Kiev – 14 horas – (12h em Lisboa) 24 de Agosto (último dia da visita de Estado): Duas vezes, ao almoço, Zelensky escangalhou-se a rir. Mesmo. Até se agarrou ao braço do segundo homem mais poderoso da Ucrânia, Andriy Yermak, à sua direita. «O Presidente é uma pessoa com muito carisma e sente a voz do nosso povo», disse Zelensky à RTP (Cândida Pinto), sumarizando os seus encontros com o PR. Se na cerimónia do dia da Independência, de manhã, na praça da Igreja de «St. Sofia», Marcelo já tinha impressionado, falando em ucraniano, e conquistado o coração dos presentes («com algum sotaque!»), no almoço foi ainda mais empático e arrebatador para o Presidente ucraniano e os seus 9 acompanhantes. Aconteceu na Casa (Palácio) das Quimeras (!)
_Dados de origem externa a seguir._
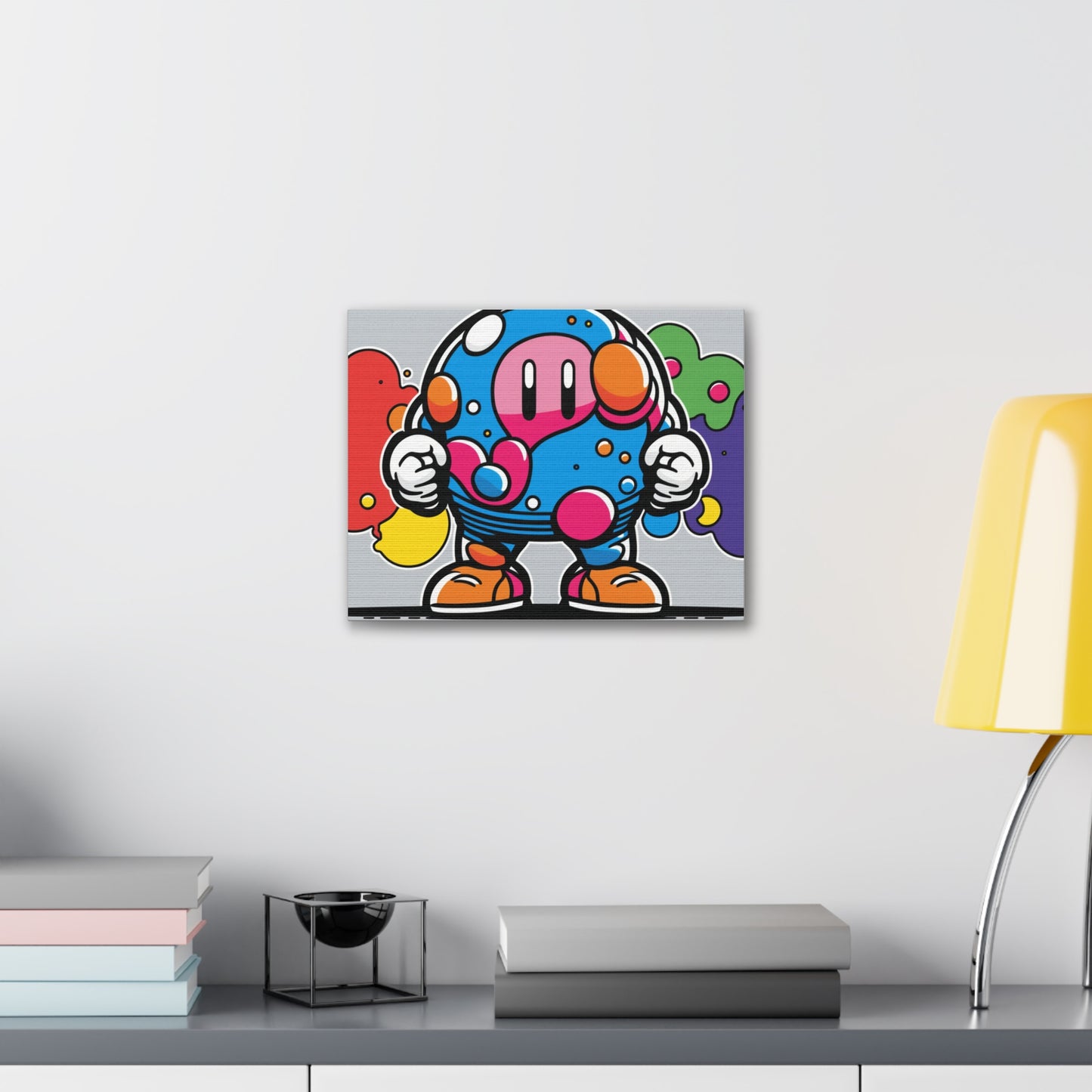 Mushroom Metropolis Marvel: Canvas Art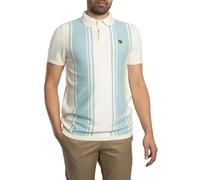 Fila Men's Buddy Bowling Style Knitted Polo Shirt, Coconut Milk/Sterling Blue, XL
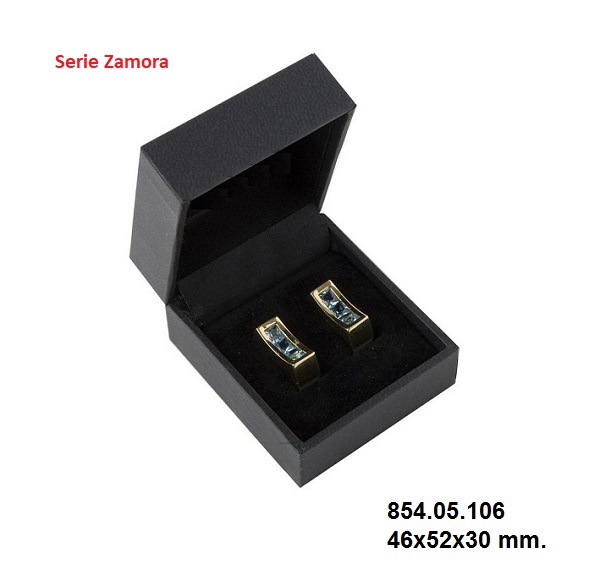 Estuche Zamora pendientes mini 46x52x30 mm.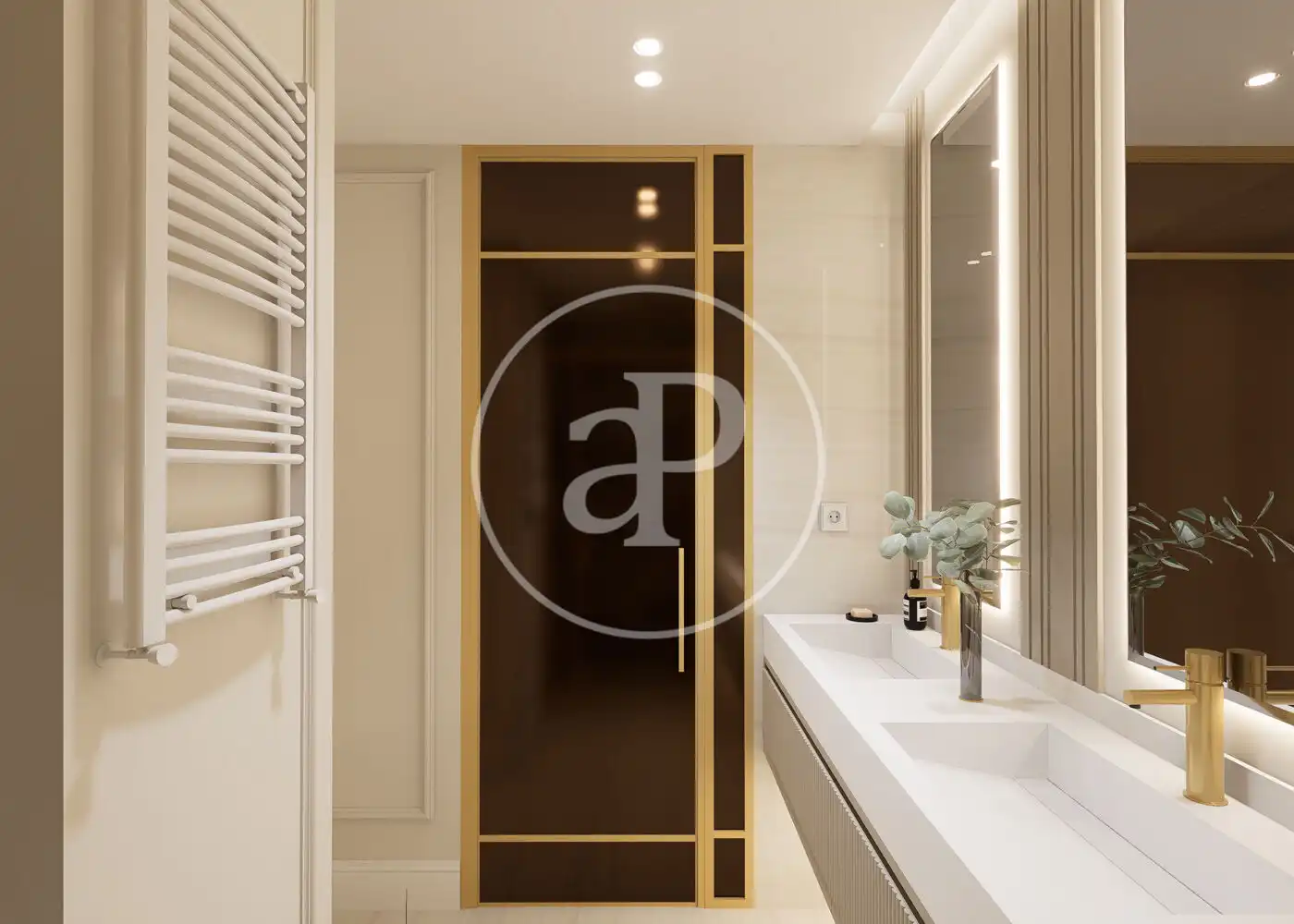 Badezimmer von Wohnung zum Verkauf in Madrid mit Klimaanlage, Heizung und Terrasse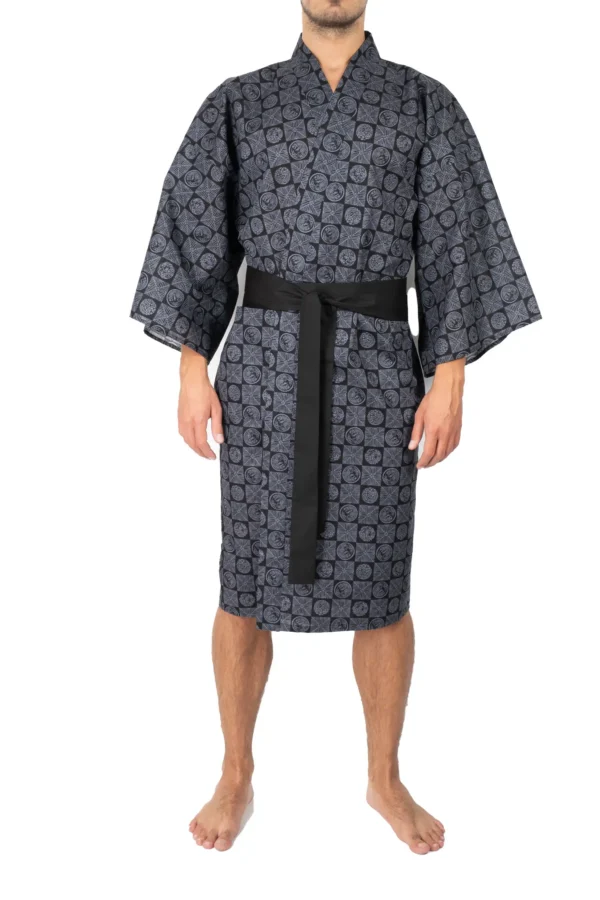 Men's Sleeping Tiger Kimono - Optional Extra Belt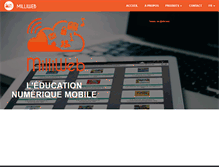 Tablet Screenshot of milliweb.fr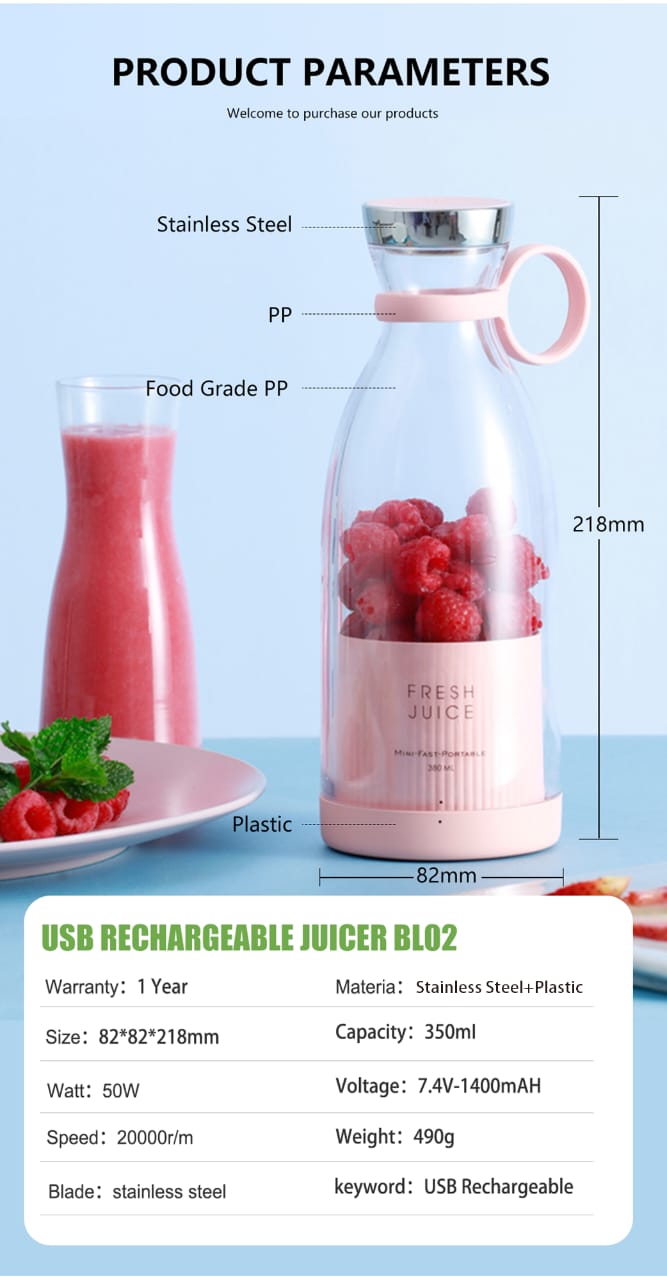 Portable Electric Juicer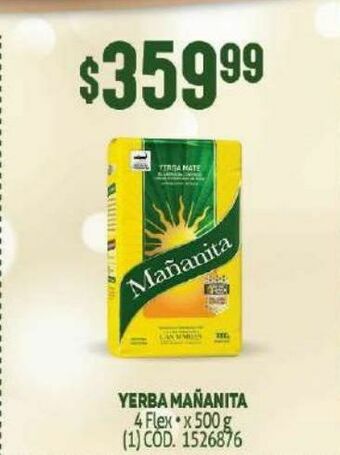 Makro Yerba mate mañanita oferta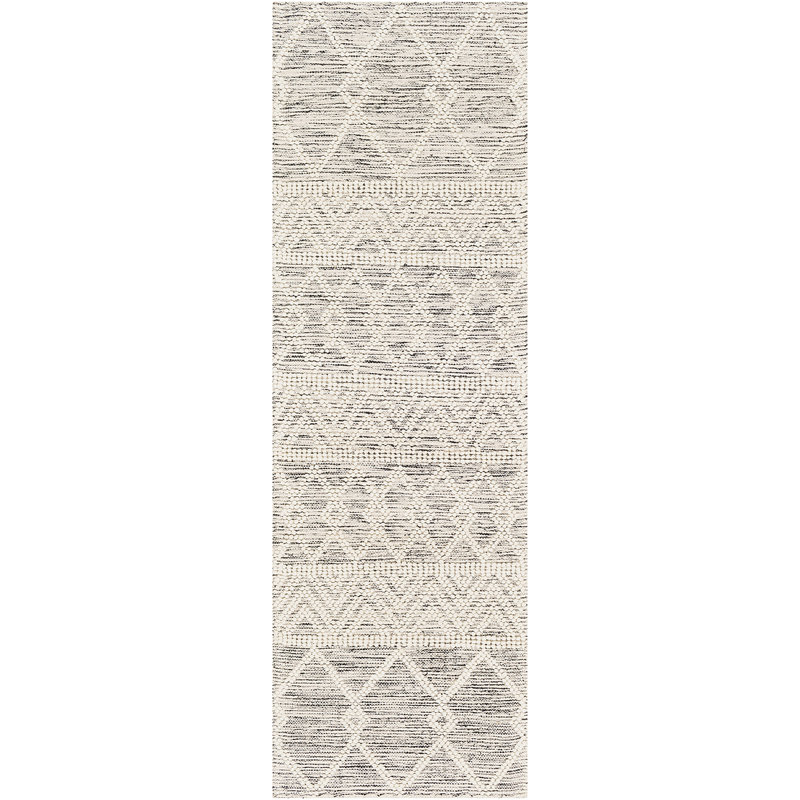 Hygge Textured Wool Hand Woven Area Rug, Runner 76 x 244cm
A entrada no perímetro presidencial e governamental é uma peripécia, só concebível num país em guerra: os telemóveis ficam nos carros, muito distantes, não são permitidos «smartwatchs», e a passagem pela segurança militar é para todos, incluindo o PR. Há sacos de areia, armas ligeiras e pesadas e um cheiro intenso a «bunker». Para se chegar ao palácio de sonhos, de Quimeras, e a Zelensky, é obrigatório percorrer este «inferno» da segurança. Já se sabia.
Zelensky, finalmente. Está no tapete vermelho que dá acesso ao palácio de estilo «Art Noveau», do início do século XX. É pequeno, mas espetacular. O PR apresenta-nos, e em conjunto com o MNE vai para o encontro oficial e formal entre as delegações. Do que se falou só o Presidente e MNE saberão, e a comitiva restrita, mas presume-se que de novos pedidos, e balanços, no quadro da transparência das nossas capacidades. Depois sim, o almoço, em 50 minutos.
Foi aí, sem sombra para dúvidas, que o nosso Presidente conquistou, definitivamente, Zelensky e a sua equipa, da qual sobressaiam o chefe do Gabinete Presidencial, e o ministro ucraniano dos Negócios Estrangeiros. O poder de cada um percebeu-se à mesa: à direita está Yermak, e à esquerda Kuleba.
O almoço, nada protocolar, revela e confirma um sinal: o presidente ucraniano e a sua comitiva, civil e militar, são muito pragmáticos: sabem o que precisam, e dizem-no sem rodeios. «Não nos mandem helicópteros de emergência médica, para retirar os feridos da frente. Precisamos de blindados para esse transporte. Temos muitos helicópteros, e os que voam são abatidos», disse Zelensky, ao almoço. Nada de secreto.
Há ainda um apelo direto de Zelensky ao nosso PR: «por favor ajudem-nos a falar com a América Latina e com África. Precisamos disso, e não estamos a conseguir». Marcelo tomou nota, e certamente que colocou o assunto na cimeira da CPLP, dois dias depois.
O Presidente da Ucrânia riu-se à gargalhada com alguns comentários do nosso Presidente, em particular da cerimónia das «Lendas da Ucrânia», e reconheceu que era muito importante para ele, e para os que o acompanhavam, poder rir e desanuviar. Marcelo confirma o seu carisma. Tudo acabou em 50 minutos. Despedidas no tapete vermelho, outra vez, e cada um com a sua foto para recordar.
Em Zelensky, numa proximidade invulgar, percebe-se a grandeza e o orgulho de não ter vergado à brutalidade de Putin, e a firmeza consciente de que sairá vitorioso desta guerra. É agradecido, mas não lamuriento, sabe o que todos nós, aliados, estamos a jogar nesta guerra, e assume o peso dos sacrifícios que o seu povo está a fazer. Quem vai a Kiev agradecer a Zelensky, e por seu intermédio aos ucranianos, vive um momento único. Irrepetível e inimitável.
Amanhã: Sucesso do PR (VII-Fim)
Notas de Rodapé: 1. O Presidente foi ver, ao final da tarde, os equipamentos militares russos destruídos na guerra. Na Praça da Independência, o seu sucesso multiplicou-se. É feriado, estão milhares de ucranianos na rua, e ouve-se repetidas vezes a palavra «portucalo». Ou coisa parecida. Tudo fora da agenda, e do guião dos serviços de segurança.
2. O comboio de regresso à fronteira com a Polónia parte às 21 horas de Kiev. Esperam-nos os mesmos funcionários dos caminhos de ferro, de camisa branca, que nos acompanharam na viagem de entrada. Sempre disponíveis, sempre com uma refeição para nos oferecer, e já habituados a esta correria protocolar.
3. 26 horas depois aterramos em Lisboa. Às 23 horas do dia 25 de Agosto de 2023. Acabou a «Visita de Estado à Polónia e Região».